Indonesia selain memuat tulisan-tulisan penulis terkenal ketika itu, juga dijadikan sebagai wadah belajar mengenal bangsa sendiri, dan mengenal dunia. Bukan itu saja, adakalanya Indonesia menerbitkan nomor selingan yang memuat novel (secara keseluruhan), misalnya Idrus Perempuan dan Kebangsaan, bahkan edisi no.6 Juli 1949 memuat naskah sandiwara radio karya Bahrum Rangkuti berjudul Sinar Memancar dari Jabal en Nur.

Sayangnya, majalah-majalah budaya yang masa itu dinilai berbobot, tidak tahan lama. Umumnya mati muda. Tak ada yang tahu apa sebab pastinya, selain ada pula yang berpendapat agak miring. Katanya, majalah-majalah tersebut dipimpin dan dikelola oleh para seniman besar yang terkenal, tapi punya sifat perajuk. Mereka bukan tipe orang yang mau bekerja mapan. Sedikit saja hatinya tersinggung, langsung pakerjaan dan kewajiban ditinggal begitu.

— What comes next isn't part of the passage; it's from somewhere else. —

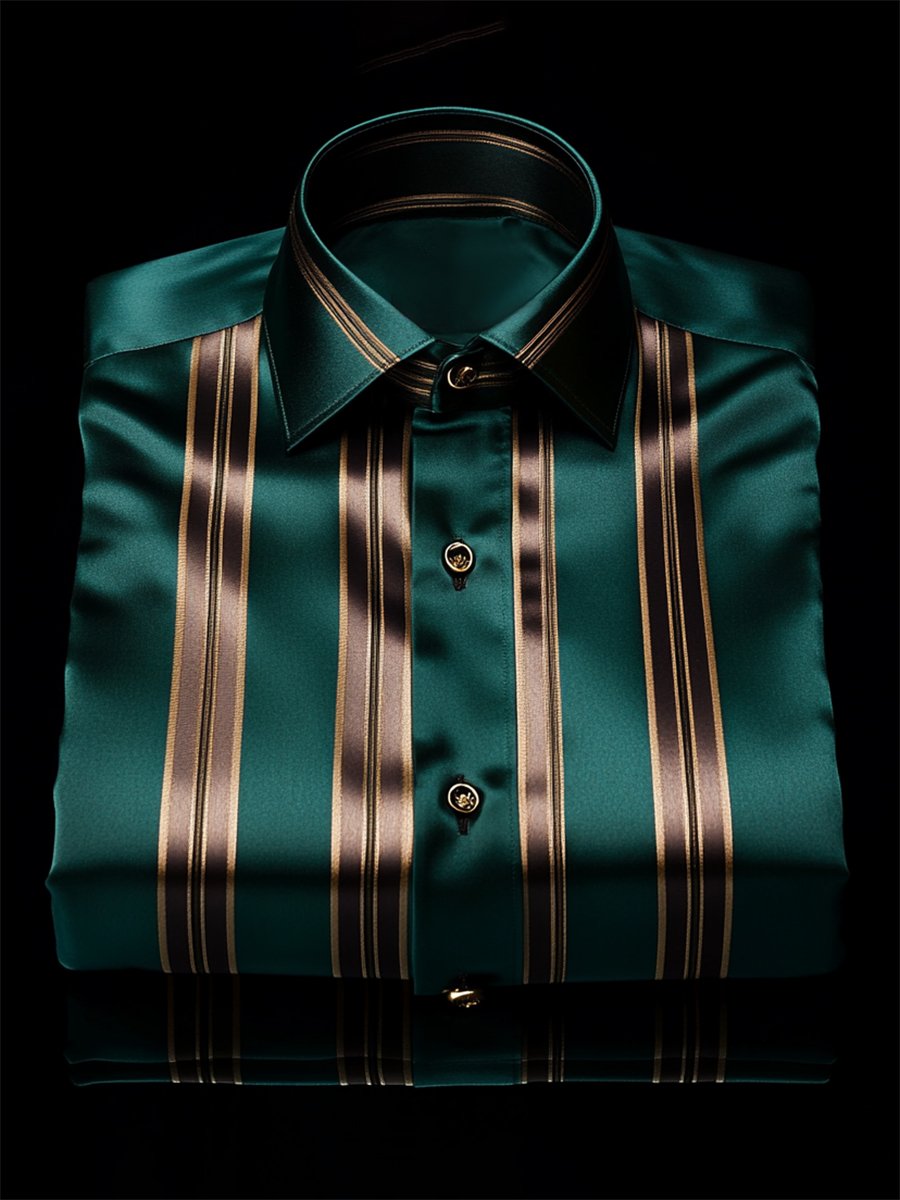 Camisa seda rayas de lujo ejecutivo de manga larga para hombre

Pada tahun 1960-an dapat dikatakan, tidak ada lagi majalah-majalah seperti itu. Yang muncul kemudiam memang majalah yang berkiprah dalam seni budaya, tapi umumnya hanya berisi cerita pandek dan puisi. Bentuknya pun sudah lain, tidak lagi berukuran 15 X 20 cm, tapi sudah ukuran umumnya majalah (25 X 30). Pada awal mula terbit masih telanjang, maksudnya majalah itu belum mempunyai kulit (cover). Baru kemudian satelah mengalami kemajuan, majalah tersebut memakai “baju” maksudnya ada kulitnya, bahkan berwarna.

Umumnya Kumpulan Cerpen

Tercatatlah yang pernah terkenal sekali adalah Kisah, yang tak lain isinya adalah kumpulan cerpen. Ya, karena isinya melulu cerpen, adakalanya disisipkan puisi, dan sekali-sekali ada esai. Ini tahun 1950-an. Meskipun isinya hanya ceritapendek jangan lantas menilai sembarangan, justru cerpen-cerpan di maksud merupakan suara hati manusia Indonesia ketika itu, gambaran pikirannya, cita-citanya, dan kepribadiannya sebagai anak bangsa.

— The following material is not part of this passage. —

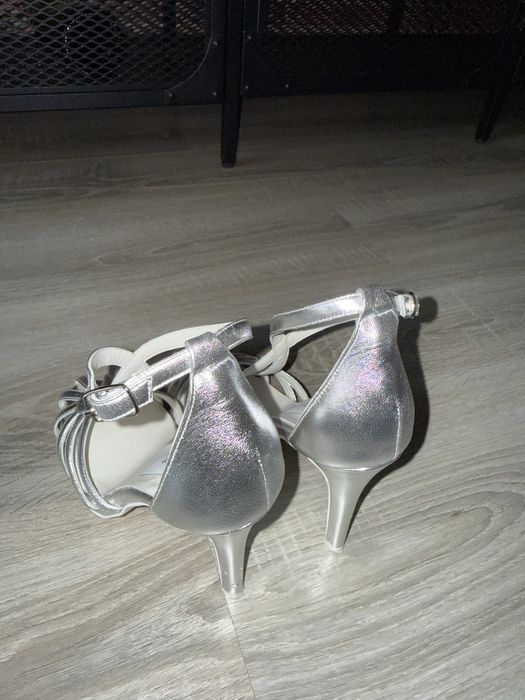 Sandale cu toc, piele naturala argintie, Veronesse, 36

Pengarang yang tulisannya dimuat Kisah, umumnya para pengarang dari seluruh penjuru Tanah Air, berbagai lapisan masyarakat, dari Barat sampai ke Timur, tak salah jika dikatakan, mereka juga adalah wakil-wakil rakyat, mereka juga jurubicara rakyat yang mengemukakan berbagai masalah yang menyangkut nasib rakyat banyak.

Sastra yang diterbitkan oleh PT Interpress dan dipimpin oleh HB Jassin dan DS Moeljanto, ini juga tidak berusia lanjut. Majalah ini jadi korban gonjang-ganjing politik, akhirnya terpaksa tutup umur. Di zaman itu banyak juga orang/penerbit yang berminat menerbitkan majalah-majalah seperti Kisah ataupun Sastra. Misalnya ada majalah cerpen, namanya Tjerita, redaksinya Nugroho Notosusanto, yang pernah menjadi Menteri Pendidikan dan Kebudayaan di era Soeharto, lantas juga Tjerpen (Bulanan Tjerita Pendek) penerbitnya Yayasan Karya Budaya, redaksi Kasim Achmad.

Di zaman panasnya politik, kelompok sastrawan kiri (Lekra) juga punya majalah budaya bernama Zaman Baru (Madjalah Seni dan Sastera). Pimpinan Redaksi Rivai Apin. Tentu saja karya-karya para seniman mereka yang mempunyai pesan dan tujuan tertentu sesuai dengan garis politik mereka di zaman itu.
Horison (Majalah Sastra) awal terbitnya pada era pemerintahan Soeharto. Penerbitnya Yayasan Indonesia. Pimpinannya wartawan jihad Mochtar Lubis.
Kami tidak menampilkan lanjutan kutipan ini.